I think I might die of delight, I do indeed!"
In a few minutes more, the poor child's pleasure became disturbed, for
Corniel, the colored butler, came shuffling over to the arbor and said,
in a manner dignified and respectful:
"Mars' Lion, dar have mor' comp'ny come over to de house, and Mars'
Gran'son he send his comperalmunts, and would like fo' to have de young
people come up to de drawin'-room and make some music on de peranna and
de wiolin."
"Very well, Corniel, we will come directly," answered Lionel, and away
trooped the high-born lads and young mistresses, leaving Corniel to
gather up the dishes, and leaving poor disappointed little Sally to
wander off from the spot that all at once had become quiet and lonely.
As it would be daylight for the space of two hours more, Sally roamed
about, amusing herself at seeing what else was going on round and about
the place.
Peeping through the garden fence, she watched a colored man, who,
kneeling before the flower-beds, plucked up the weeds, tossing them
aside, and trolling a light song as he worked.
"I too, would sing, could I but live at Ingleside," murmured Maid Sally.
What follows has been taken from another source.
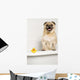 Dog Bath Wall Mural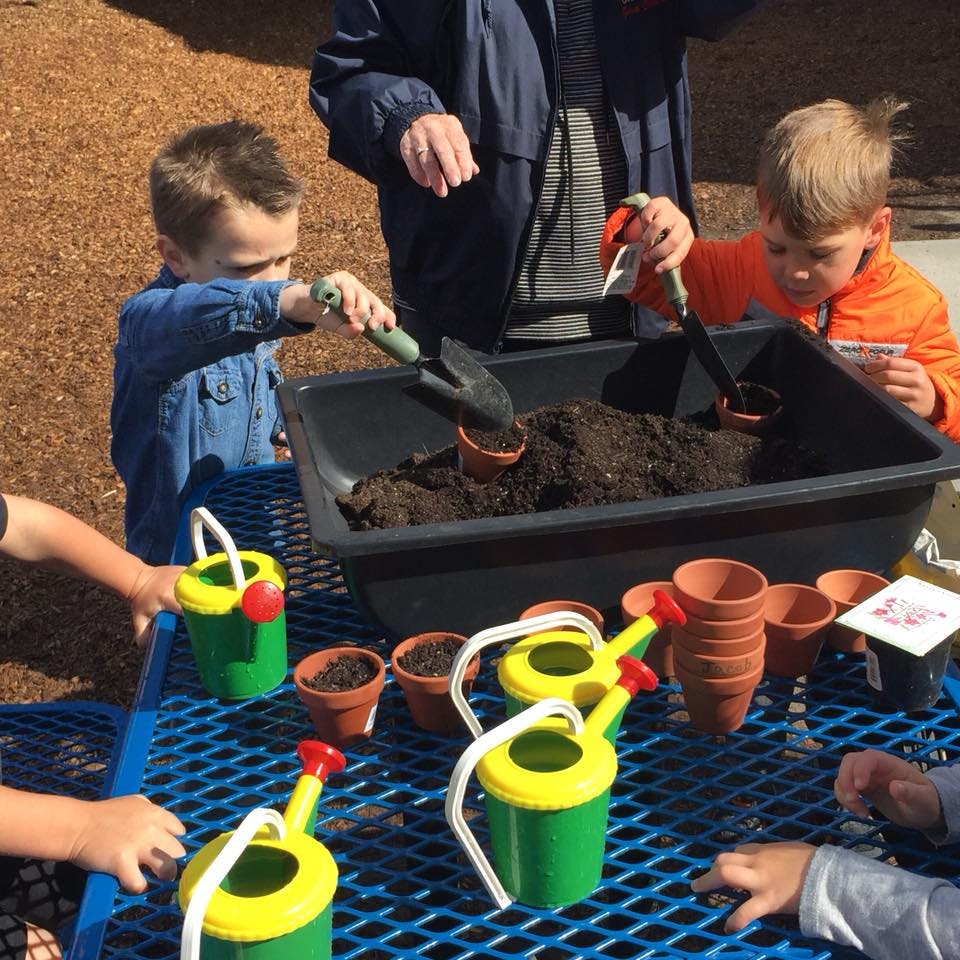 Children and an adult planting in a large container of soil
But an inner voice replied: "You would not wish to be a servant
anywhere."
Then across she went to the bars that formed the far boundary of the
wide garden.
Well back of the house in the direction of the stables, old Uncle Gambo
was cutting grass with a winding scythe, that had a handle so long it
reached way above the old man's head.
Uncle Gambo declared he was "a hun'erd an' ten yeah ole," and as no one
could very well dispute it, no one tried to. But as year after year
rolled away, Uncle Gambo would still say, "I'se a hun'erd and ten yeah
ole."
"Yes, but the same story you told me two years ago, Uncle Gambo," Lionel
once said to him. "You must be a hundred and twelve now."
The old negro shook his white, woolly head. "No, no! I'se a hun'erd and
ten yeah ole; I allurs was, I allurs shell be."
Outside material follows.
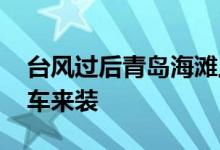 台风过后青岛海滩上尽是海鲜 有人开车三轮车来装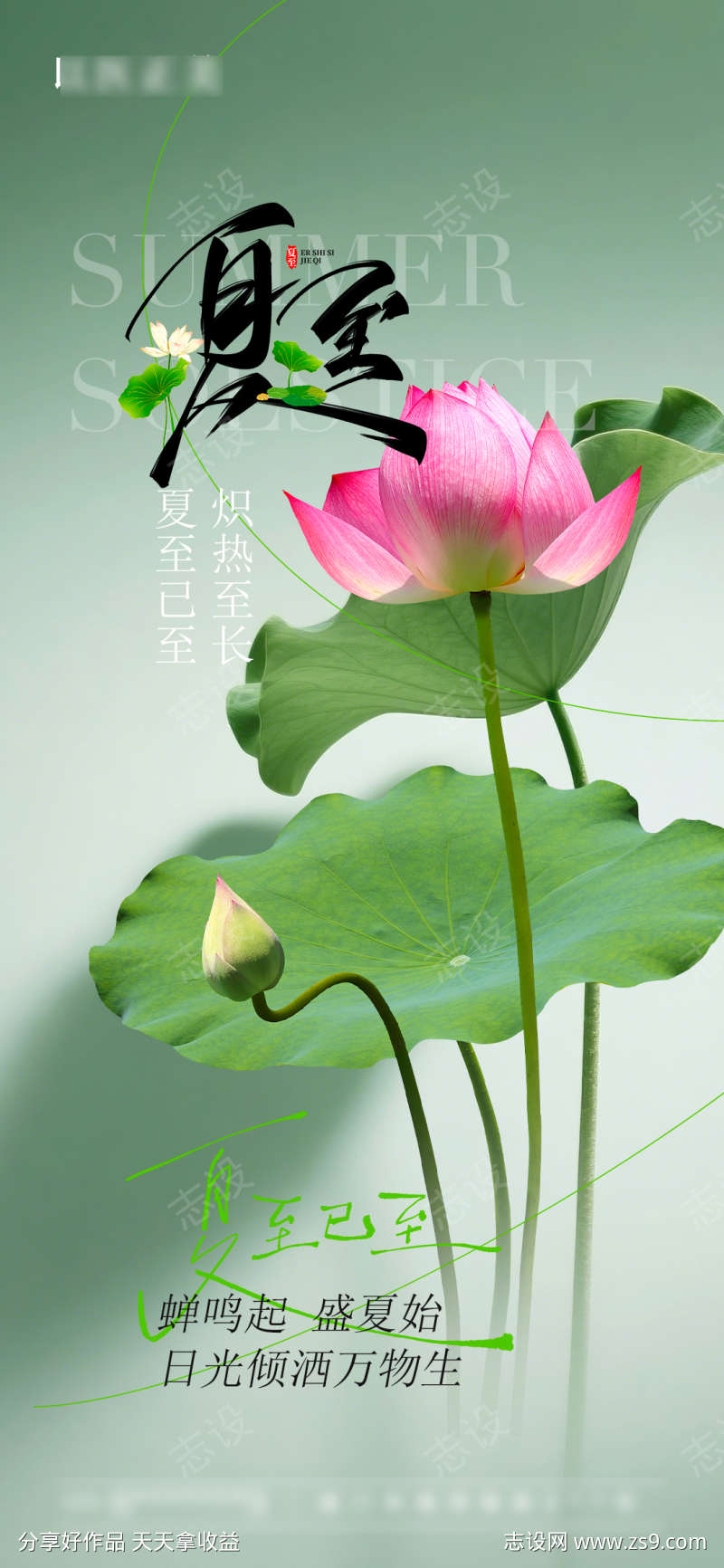 夏至节气海报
That settled it. But as the white people knew that the colored men and
women usually became seventy-five or a hundred years old very rapidly
with their way of reckoning, no one so much wondered at Uncle Gambo's
age.
Sally watched the old man reaping, for it fascinated her to see the
rich, ripe grass lie smooth and evenly shorn wherever the scythe's keen
blade swept over it. Then she strolled still farther along, trotting
down and down until she stood near the stables.